Träge richtet sie sich das Röschen
Am Ausschnitt, wirft Blicke zurück
Der Alte seufzt stumm in sein Höschen
Und richtet dort sein bestes Stück (das dort bricht den Rhythmus, ist um Silbenanzahl einzuhalten unglücklich eingefügt)

Sein Blick stößt sich an ihrem Becken
Und er gibt dem Kind einen Stoß (doppelt: Stößt /Stoß...wenn der Rhythmus anders wäre, könnte man es als Polarität lesen, als Gegenschwung, hier wirkt es aber als unglückliche Wiederholung, daher vielleicht: Sein Blick fängt/hält/bricht sich an ihrem Becken)
Das reibt sich den unteren Rücken (unteren Rücken finde ich eine unglückliche Formulierung..roten Rücken? Wunden Rücken? Heißen Rücken? Oder wenn du das „den“ auch streichst: Das reibt sich geschundenen Rücken?)
Im Hals wie Beton dieser Kloß

Doch Mama, die schüttet sich kaltes (Umbruch hier seltsam, könnte ich nicht laut lesen, da zweisilbiges Wort in nachfolgendem Vers dies unmöglich macht)
Wasser aus dem Hahn ins Gesicht
Zieht flink ihre Lippen nach, altes (nach, altes – das Komma steht an einer Stelle wo aus Rhythmusgründen keine Pause vorhanden ist)
Parfum liegt im Raum, schwer und dicht

Staub fällt von den Schuhen im Tanzrund
Die Takte sind müde verschleppt (eventuell würde sich ein Komma nach müde gut machen ohne den Sinn zu verändern)
Am Tor hechelt traurig der Wachhund
Der Katz hinterher, doch die schwebt

Im siebenten Himmel: Genüsslich
Versenkt sie ihr Mäulchen in’n Topf (in’n...wieder zu sehr Kampf mit Rhythmus...)
Der Hund bellt jetzt laut und verdrießlich (~genüsslich...aber ich mag so was unreines sogar)
Da hebt sie den schwarz-weißen Kopf

Ganze Strophe vielleicht so:

Im siebenten Himmel: Genüsslich
versenkt sie ihr Maul in den Topf
Der Hund bellt jetzt laut, gar verdrießlich
Da hebt sie den schwarz-weißen Kopf


Und schüttelt sich frech, auch die Spitze
Des Schwanzes darf zittern im Fell („darf“..hm...nunja...???...wirkt einfach konstruiert)
Die Tänzer fallen auf die Sitze (Rhythmus...bei fallen auf nicht flüssig)
Doch noch ist es nicht wieder hell

(Insgesamt ist die Hund/Katze-Szene für mich viel zu lang in Relation zur Länge des Gesamttextes – zumindest so unverwoben, ich würde Tier und Festgeschehen mehr verweben, mehr analog schalten)

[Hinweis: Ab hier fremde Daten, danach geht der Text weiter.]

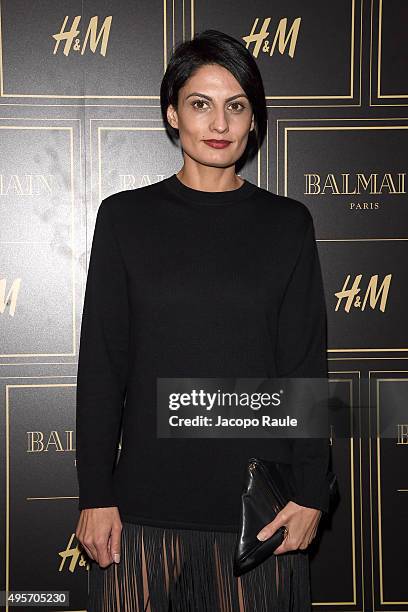 Helen Nonini attends Balmain For H&M Collection Preview Photocall on November 4, 2015 in Milan, Italy.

Der Mond hat sich davon gestohlen (davon gestohlen falsche Kadenzen...)
Die Sonne hat noch keine Lust (insgesamt aber schöne Ortsetzung...weder Mond noch Sonne da...)
Das ist seine Stunde: Verhohlen (für Betonung dieses Momentes vielleicht „dies“ statt das“ oder „jetzt“?)
Wirft sich da der Hohn in die Brust (das da schwächt den Inhalt..zu eingefügt...guckt man welche Wichtigkeit diese Aussage für den Text hat, dies ist ja der Moment,worauf der gnaze Text hinarbeitet...zerstört das „da“ alles...unbedingt stärken!)

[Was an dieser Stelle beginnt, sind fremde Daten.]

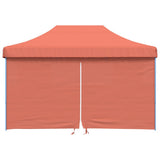 Foldable Party Tent Pop-Up with 4 Sidewalls Terracotta 4004981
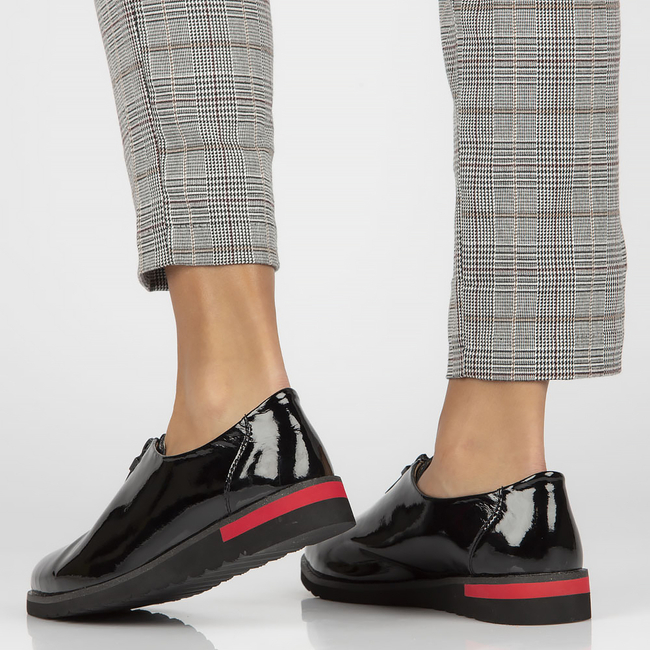 Leather shoes Filippo DP4180/22 BK black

- und schwächelt: Zu lieblich, zu milde
Verklingen die Zupfer am Bass
Zu sehr warten alle auf Hilde
Die Nichte des Alten, die nass

Entsteigt einem Seerosen-Weiher (hmmmmmm...hier die Frage...das Fest scheint in einem Garten statt zu finden, wo kommt da ein „Weiher“ her...den kann man nicht im Garten anlegen...ist eine Bezeichnung für kein künstlich angelegtes Teichchen...ich weiß schon, womit die Szene arbeiten will...)
Mit milchweißer Haut, lächelt nicht
Dem Alten entfährt ein „Auweia!" (Auweia trifft es für mich nicht, klingt am Ton vorbei...vielleicht mit Ros/“Sag bloß!“ arbeiten?)
Und er vergisst - fast - seine Gicht (hmm...du baust ein mystisches Bild (Weiher/Seerosen/Nichte ~Nixe...auf, erzeugst starte Spannung zwischen Altem und Nichte, viel größere als wieter oben, das ganze hat aber keine größere Konsequenz als oben und wirkt so nur als Wiederholung...lass den Alten hier doch ruhig offensichtlicher tätig werden...oder streich das fast und änder den letzten Vers..so wirkt die Steigerung poetisch gestrandet).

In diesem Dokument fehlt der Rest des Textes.